The National Assembly Party, or NAAS, “aims to institute democracy as a form of government” in the kingdom, according to the first declaration. They continue to say:
By establishing the party we are keen to prevent the country from sliding into unrest, violence, civil or regional wars. We seek to lay a foundation for a peaceful political change that aims first and foremost to protect human rights and development, and to reject exploitation of our Islamic religion for repressive or political means, while guaranteeing the freedom of belief for all, preserving the beneficial achievements and institutions of our society, protecting the country’s security and unity, and ensuring its prosperity.
The founders include Canada-based dissident Omar al-Zahrani, UK-based academic Madawi al-Rasheed as well as Abdullah al-Odah, a legal scholar who currently lives in the US. All of them have been critical of the Saudi government for years from abroad, and it remains unclear if or how the formation of such an entity would change their approach to political activism.
Al-Rasheed told Reuters that NAAS would work with international organisations like the United Nations and human rights groups, without agitating for protests in the kingdom. “The timing is very important...the climate of repression is only increasing,” she added.
This is not the first attempt to launch a Saudi opposition political party in recent years. In February 2011, as the Arab Spring wave of uprisings started sweeping through the region, a group of Islamists announced establishing the Islamic Ommah Party. Some of the founders were shortly arrested after that and one of them was sentenced to jail in 2016.
The Ommah party remains active through their social media channels controlled from abroad. The same goes to London-based dissidents Saad al-Faqih and Mohammed al-Masaari, who left the kingdom in the mid 1990s and carried out their opposition activities under different banners, most recently as the Movement for Islamic Reform in Arabia and the Party for Islamic Renewal, respectively.
Al-Faqih and al-Masaari have depended on fax and later satellite television before the internet became the home for political protest in a country where there is no space for such activities on the ground (although they have called for street action in the past).
Except for al-Rasheed, the founders of NAAS belong to a new generation of activists, the majority of them moved into exile during the last five years as the already narrow margin for political freedom of expression shrank further even as the country opened up socially and culturally as part of Crown Prince Mohammed bin Salman’s reform plans.
The growing number of Saudis who left the country —some sought asylum abroad, others opted to stay silent while keeping connections back home— as a result has been a source of concern for the government. As I wrote in the Financial Times last year, the royal court even commissioned a study into the phenomenon:
The study recommended that the government take a softer approach in its dealings with dissidents by offering them incentives options for return rather than pressuring them and hardening their resistance.

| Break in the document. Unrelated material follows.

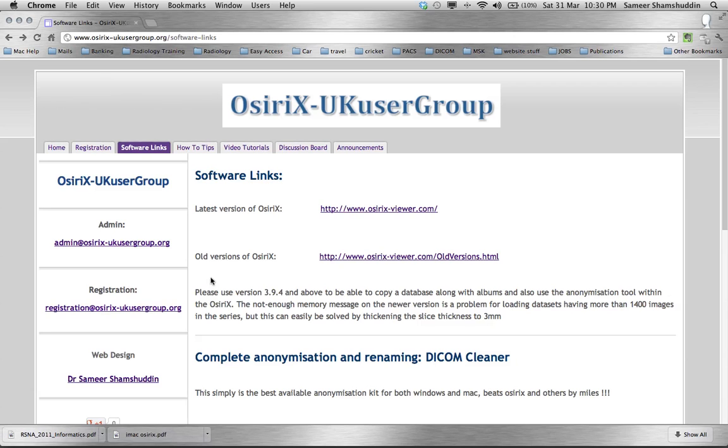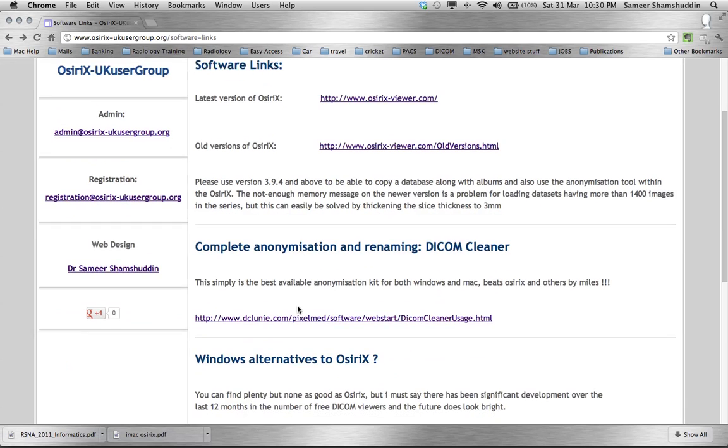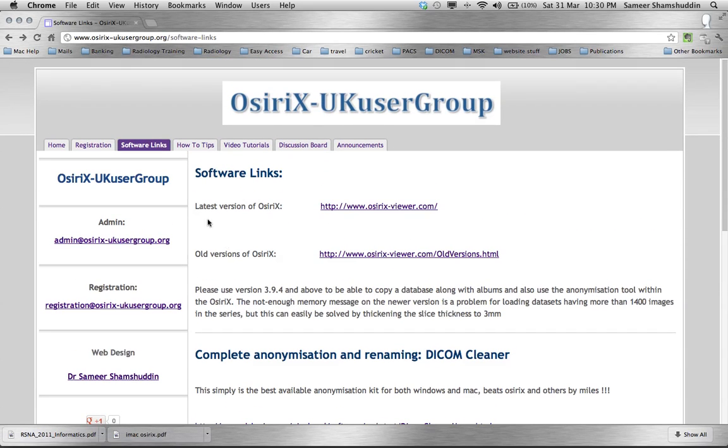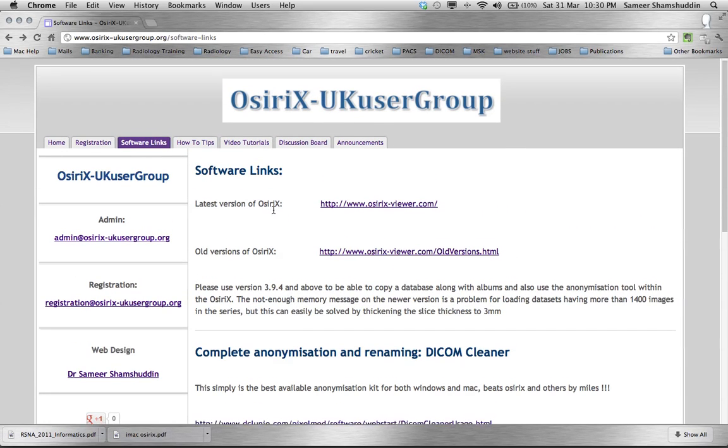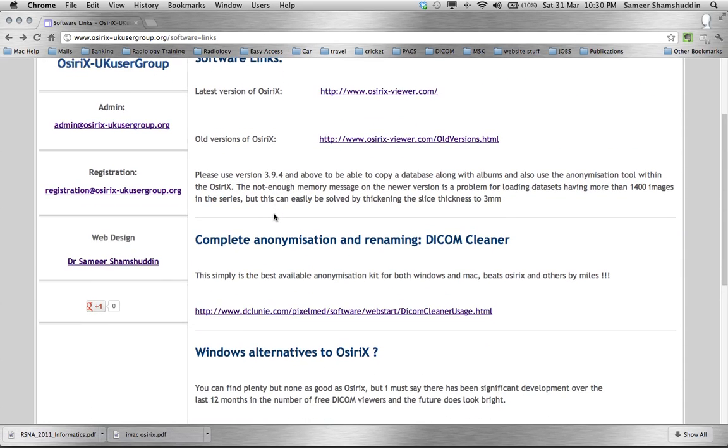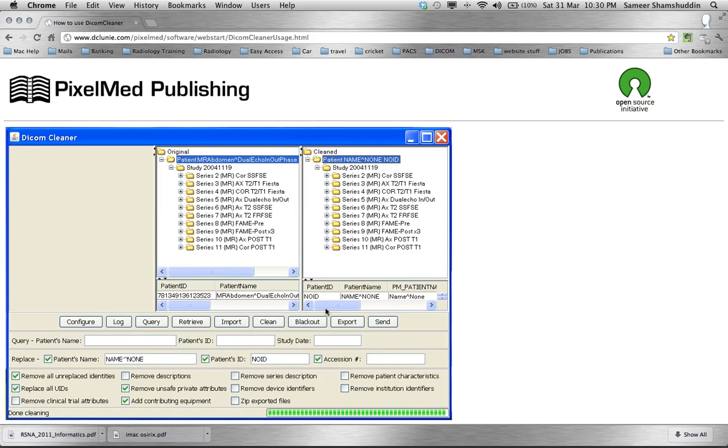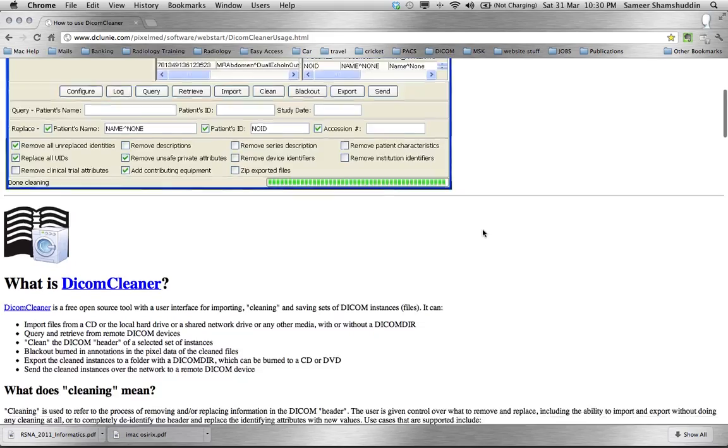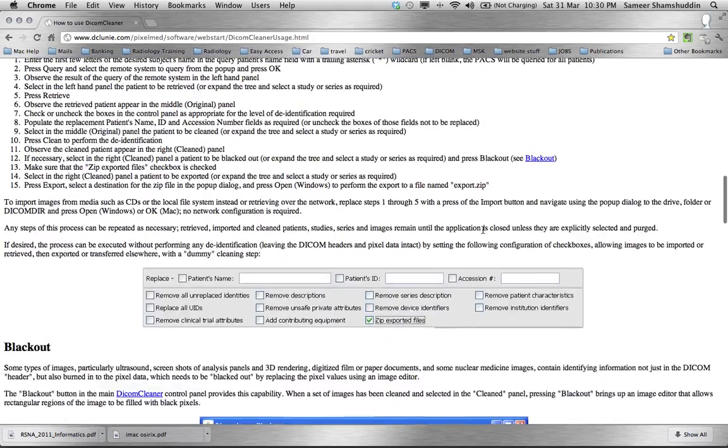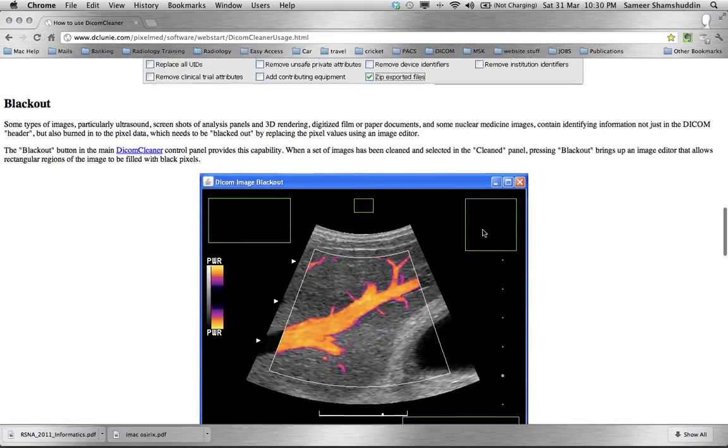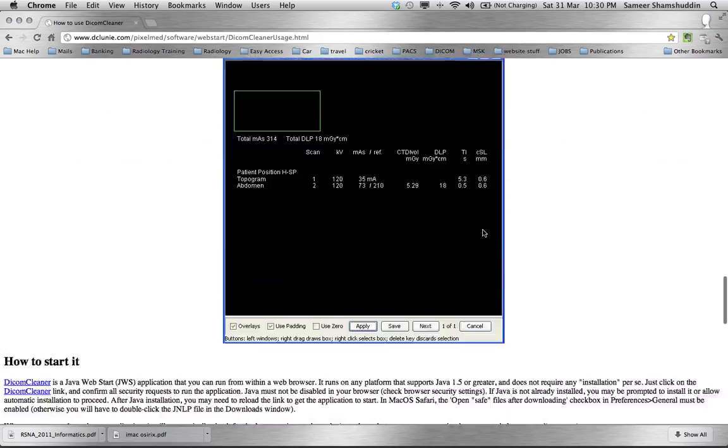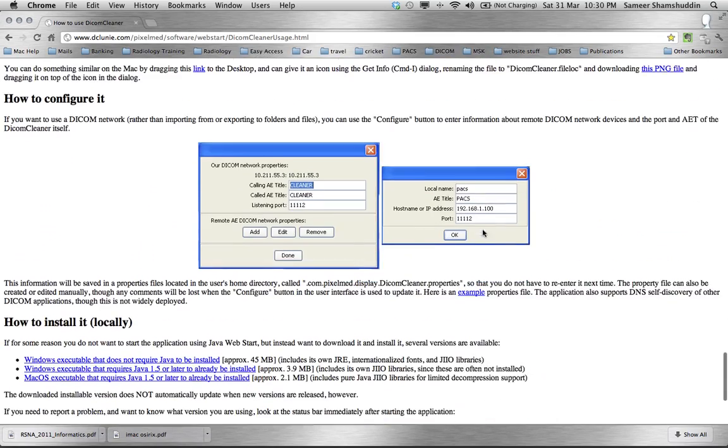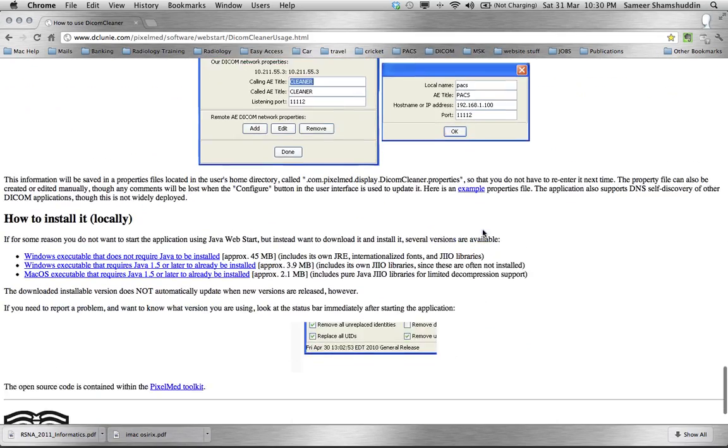This software can be downloaded from this link within the website under software links page. When you scroll down I have put up a link called complete anonymization and renaming DICOM Cleaner. When you click on this link that will take you to the DICOM Cleaner website and if you scroll through the page towards the bottom of the page you will find the link where you can download the software.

Some people in exile have been approached as part of that effort, but the Saudi reaction to the case of former intelligence official Saad al-Jabri shows that tolerance for any dissent remains rather limited despite the intense scrutiny by the international community of the kingdom in the aftermath of Jamal Khashoggi’s murder.
NAAS founders are presenting their decision to start the party as an attempt to save the country from the crown prince. It is probably too early to see if they will gain enough traction to effect change. But veteran opposition figures such as al-Faqih and al-Masaari are skeptical of the party’s potential, with the former accusing the founders of appeasing the west by adopting a non-religious language and the latter calling it “dead on arrival.”
Notable among NAAS founders is Ahmed al-Mshikhs, a Shia activist from Qatif, who appeared on the Zoom call announcing the party formation only to declare his withdrawal a few days later and raising questions about unity and coordination among the dissidents.
Mshikhs was one of several activists who met with the Eastern Province governor in March 2011 as authorities sought to calm down a wave of protests inspired by Arab Spring demonstrations in neighbouring Bahrain. He was considered a moderate who could mediate between the government and protesters. Extreme elements at the protest movement even named him on a list of “traitors” in March 2017.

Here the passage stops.